** Opening Provided data block **
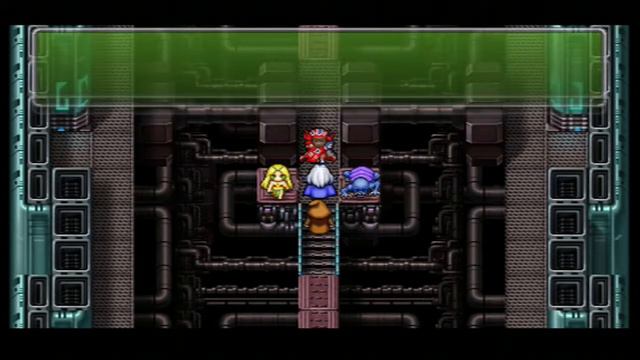 Final Fantasy IV Complete: Walkthrough [Part 33] - Giant of Babil смотреть онлайн
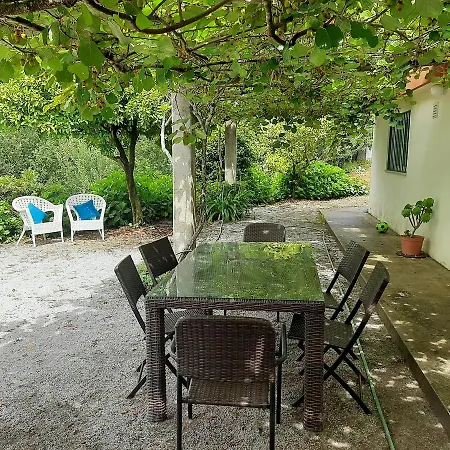 Casa Quintarola Marco de Canaveses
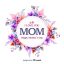 Freepik Floral Mother S Day Background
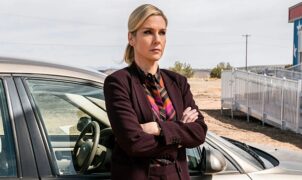 MOVIE NEWS - It's not yet known what's in store for Better Call Saul's Kim Wexler in the sixth season of the series, as she's not in the original series, Breaking Bad. Rhea Seehorn, the actress who plays her, has now revealed some details.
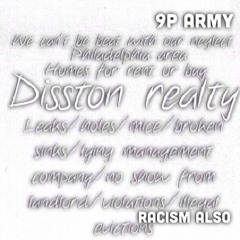 philly rental estate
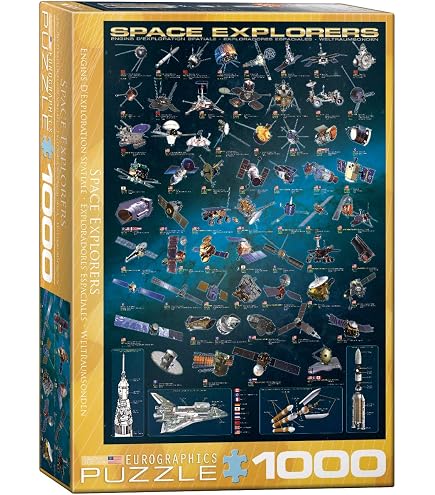 Amazon.co.jp: 1000ピース ジグソーパズル Piatnik カンディンスキー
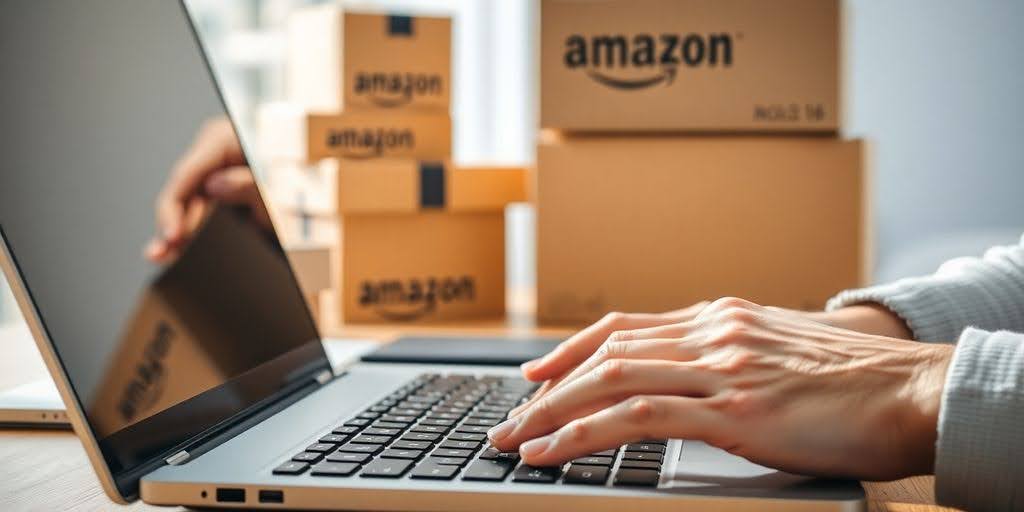 Steps to Appeal an Amazon Seller Account Suspension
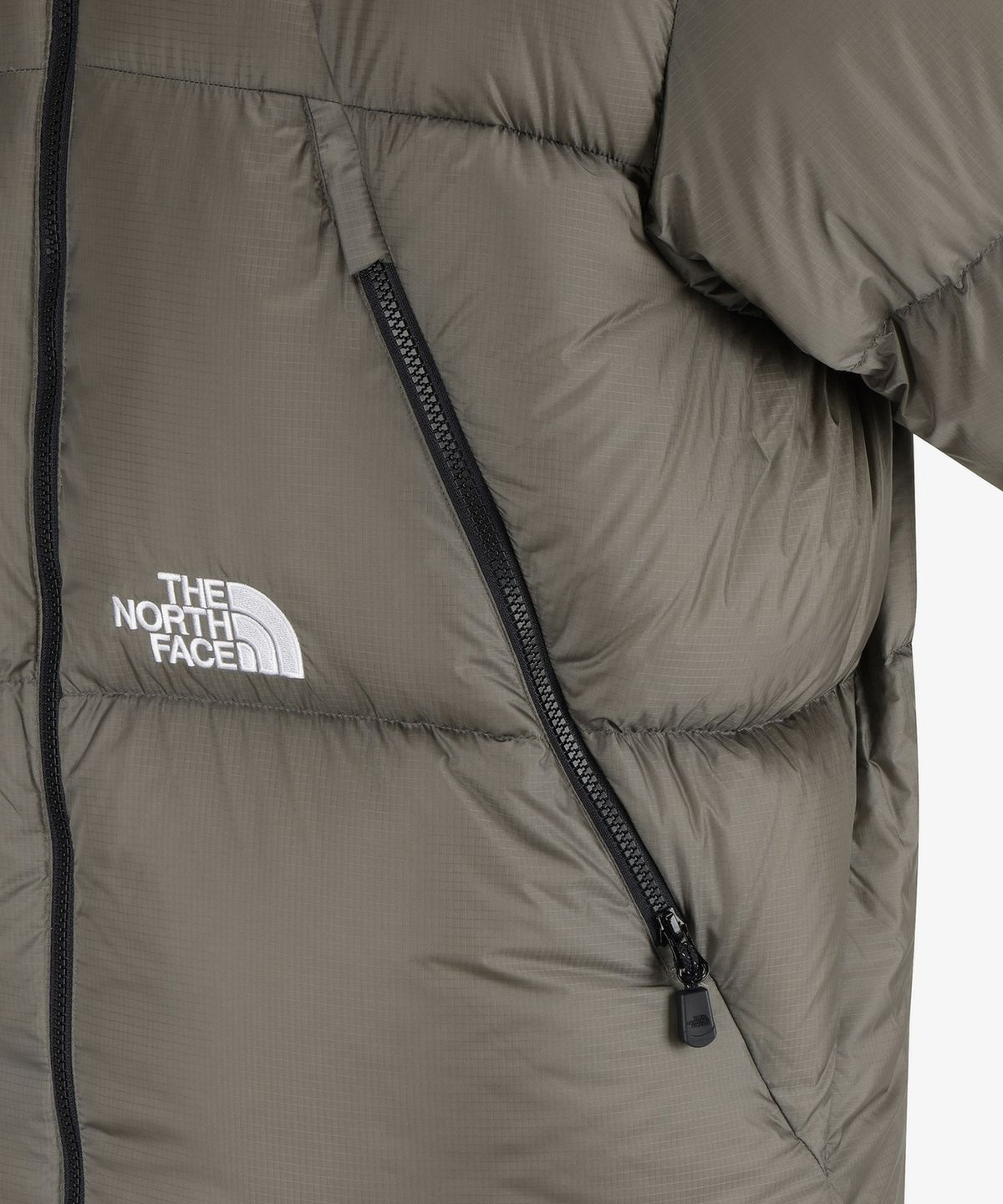노스페이스(THE NORTH FACE) NJ1DS66L 프로젝트 다운 자켓 (RDS) DUNE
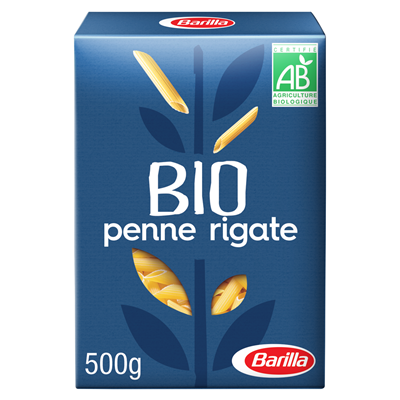 Penne rigate BIO 500 g Barilla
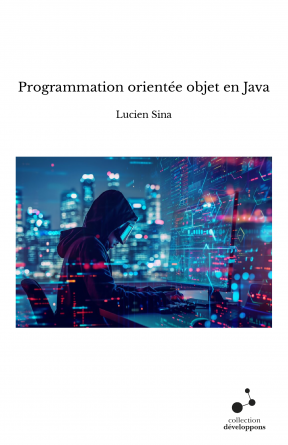 Programmation orientée objet en Java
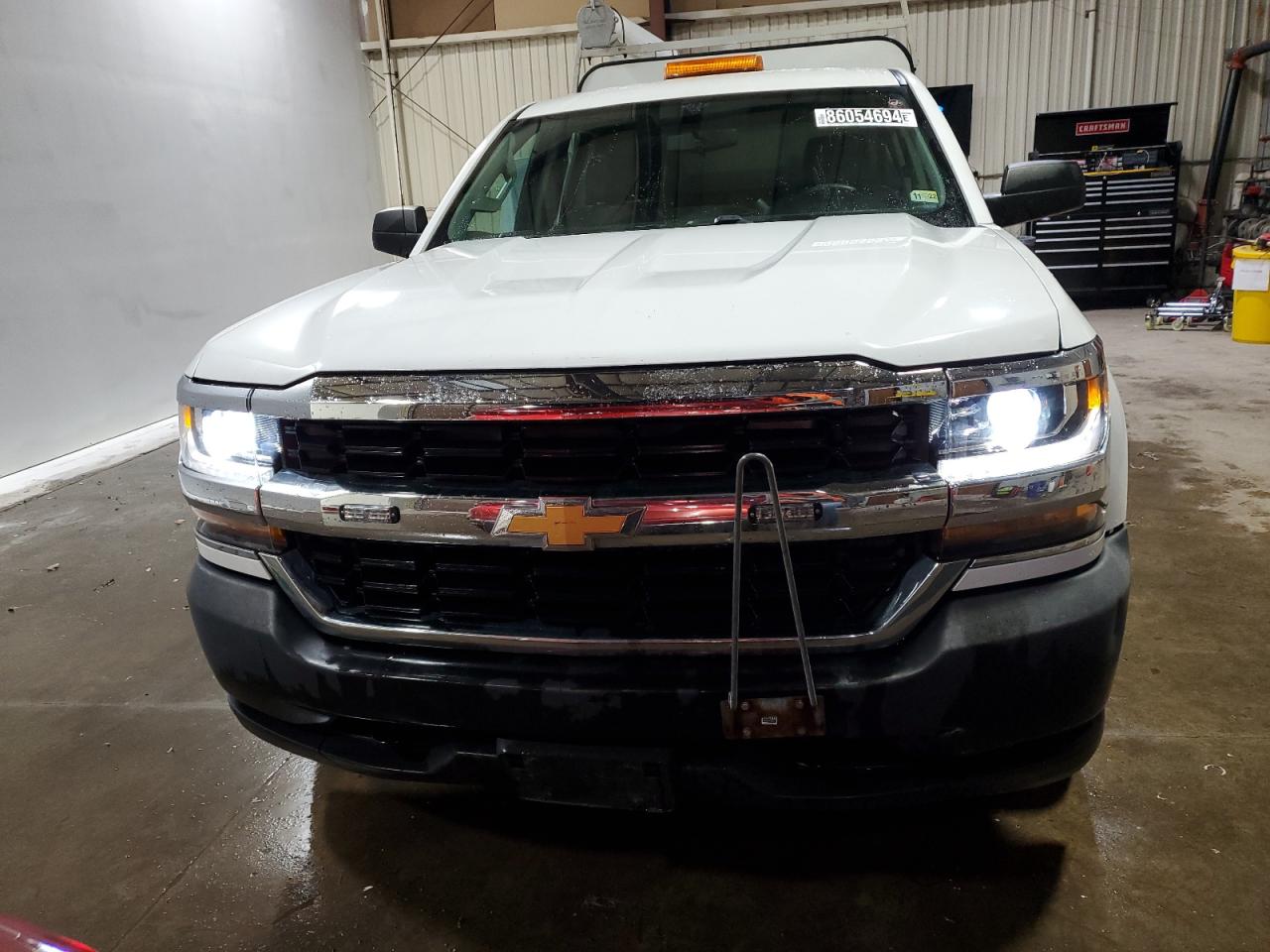 2016 CHEVROLET ALL Models - Image 5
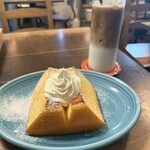 松涛カフェ 渋谷本店 - 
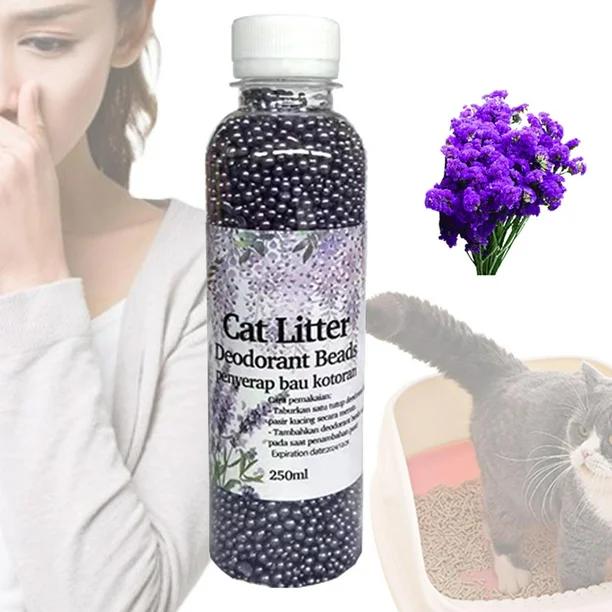 Fragancia para Arenero de Gato.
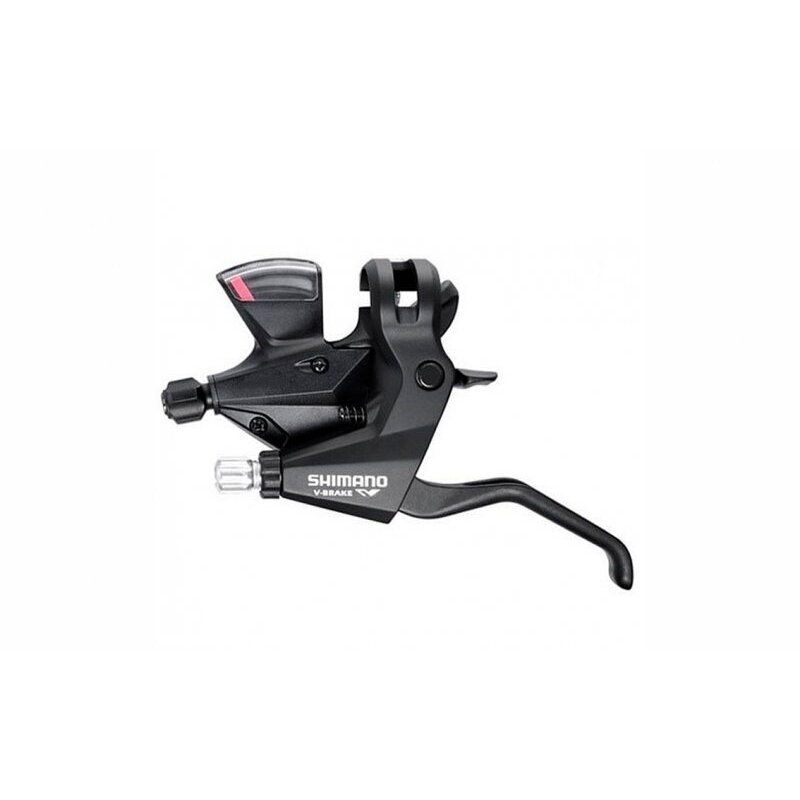 Pavarų perjungimo rankenėlė Shimano SL-M310 Altus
** Closing Provided data block **
Retype the full listing exactly; pictures stay out.

 Final Fantasy IV Complete: Walkthrough [Part 33] - Giant of Babil смотреть онлайн
 Casa Quintarola Marco de Canaveses
 Freepik Floral Mother S Day Background
 MOVIE NEWS - It's not yet known what's in store for Better Call Saul's Kim Wexler in the sixth season of the series, as she's not in the original series, Breaking Bad. Rhea Seehorn, the actress who plays her, has now revealed some details.
 philly rental estate
 Amazon.co.jp: 1000ピース ジグソーパズル Piatnik カンディンスキー
 Steps to Appeal an Amazon Seller Account Suspension
노스페이스(THE NORTH FACE) NJ1DS66L 프로젝트 다운 자켓 (RDS) DUNE
 Penne rigate BIO 500 g Barilla
 Programmation orientée objet en Java
 2016 CHEVROLET ALL Models - Image 5
 松涛カフェ 渋谷本店 - 
 Fragancia para Arenero de Gato.
 Pavarų perjungimo rankenėlė Shimano SL-M310 Altus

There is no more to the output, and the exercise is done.